Never bought an actual game machine.
@shahnm@tinsami1 I remember when they were being closed out cheap at K-Mart ( I think the last ones sold for $49). I already had my Apple ][ then or I would definitely have gone for one
@shahnm@tinsami1 Hey, I had one of those also! I did not have the fancy cassette recorder cable to save my work until later; that meant when you turned it on you had to type in a couple dozen lines of DOS code manually to make it do anything. Could not afford the game cartridges at first either.
@tinsami1 I still have one, and a briefcase full of cartridges. My kids still love to play A-MAZE-ING, Hunt the Wumpus (The TI version is different than the standard version of that game), and Hang Man.
I’d like to go back and play Parsec, but my joysticks don’t really work very well anymore.
@tinsami1 I learned my first coding on a TI99/4A! Granted, it was TI Basic, but in those days, and for a kid, that was cutting edge. I sure miss the old cassette tape storage option.
Coleco pong game; I think it was a Telstar but it was black and had 4 variant black and white pong type games. Then I got an Apple ][ plus in 1981 and didn’t get back to consoles until the SNES many years later.
@medz Yeah, that’s the one. I still have mine, but not sure if you can hook it to modern TVs. Those were rabbit ear days, and TVs don’t have those 2 little screws on the back any more.
Our family TV was a 12 in B&W on the table downstairs; when changing the channel with the rotary knob, you then had to move the TV all around on the table to get the best reception, and everyone would have to scoot their chairs back and forth to follow it.
I actually made my parents buy me the ET game (at full retail!). I played the hell out of that game. It was a bit of a shock to me to later come to learn that that has been deemed the worst game ever made, and a large underground mountain of unsold cartridges is buried somewhere in the desert. I guess I was easily amused as a kid.
Of course, I’m hanging out at Meh late at night… I’m apparently still easily amused.
@shahnm E.T. wasn’t bad if you actually read the manual. The guy who made it also made Yar’s Revenge, which is considered to be one of the best games on the system.

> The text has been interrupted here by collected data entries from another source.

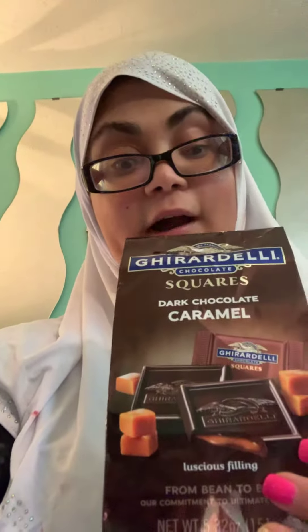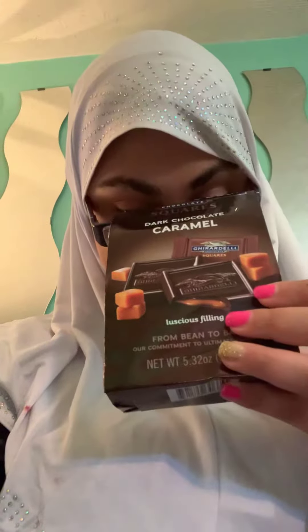Honestly, they aren't that good. I wouldn't buy this product again. They have different flavors — they have mint and others. These are pretty expensive, like three bucks. I got these because my mom loves dark chocolate and we love caramel, so that's the reason why I got these.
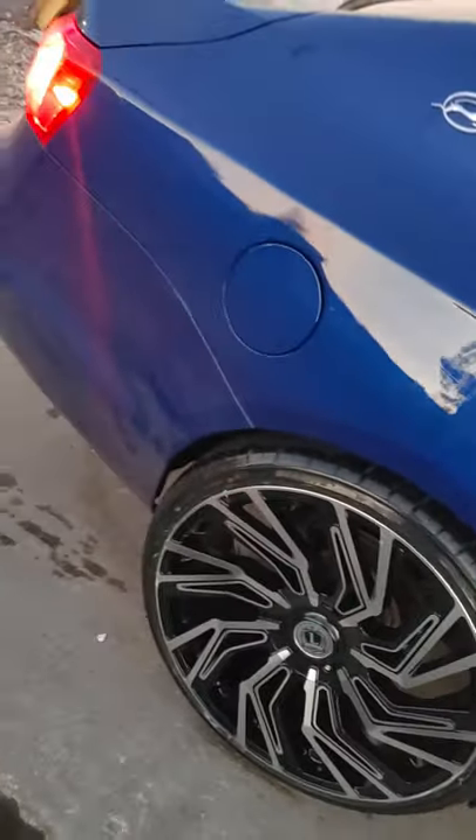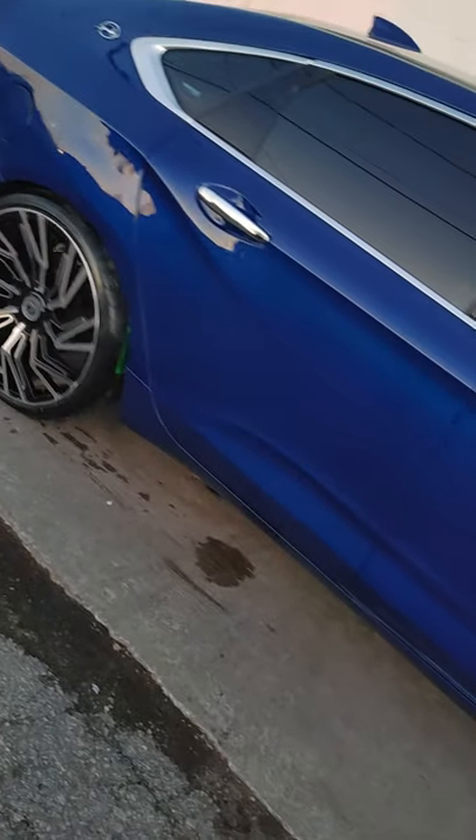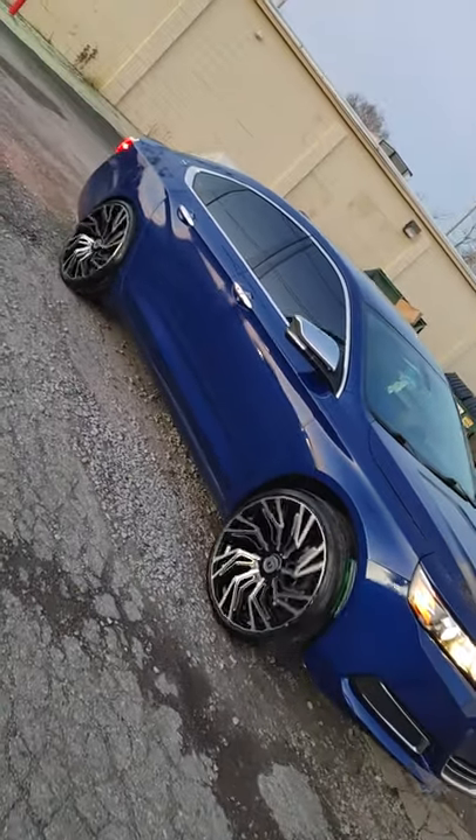Y'all see it — the after 22-inch Lux 28 on that Chevy Impala. We went with the 255/30/22 tires.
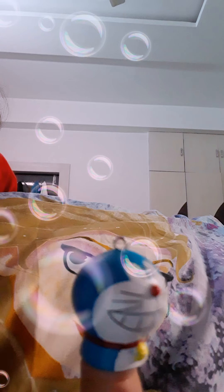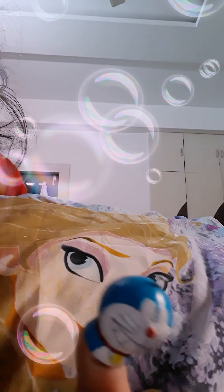So let's start. I am very excited. So guys, let's do unboxing of my toys as my Doraemon told you. So let's start.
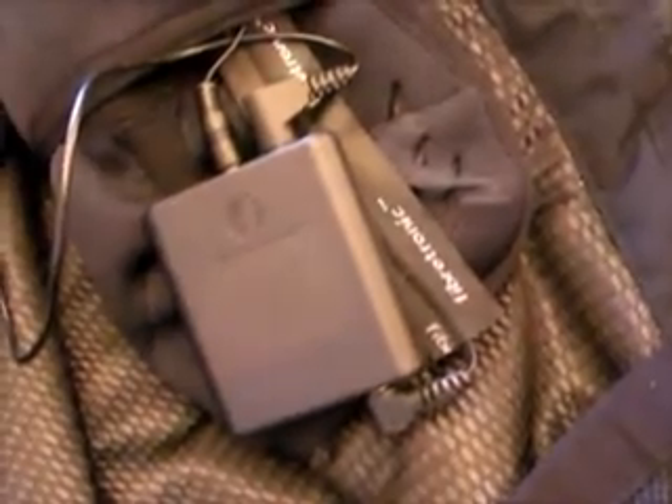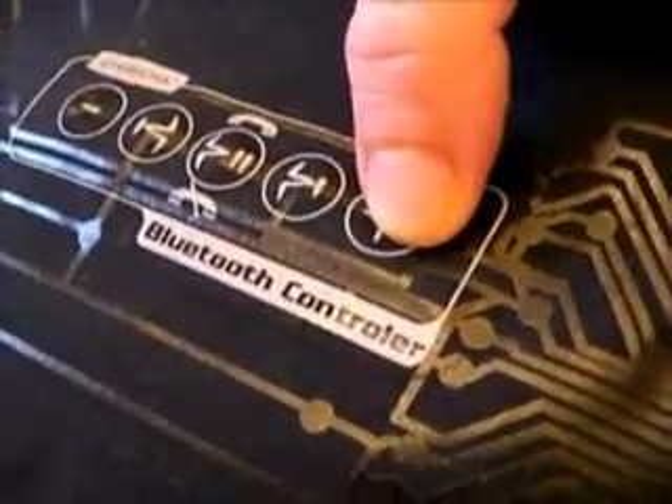And you are ready to go. We are connected now. Once connected you will just see a blue flashing light on the module and no red one. If I press play on the keypad now, the music should start and it controls via Bluetooth.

@OldCatLady Yeah, I had one of those too! It was the first color capable one to hit the market IIRC, but we only had a Black and white tv to hook it to.
@Barney Yeah, multi-ball games were the best. There was a video arcade in the shopping center a block from my school, and i dropped tons of quarters there. I could get 9 keys on Pac-Man eventually just from memorizing the patterns to run.
Those skills stick with you. Even today, as long as whatever pinball machine I find is fully functional (no dead bumpers or weak flippers), I can usually win a game in two or three tries (including specials and matches).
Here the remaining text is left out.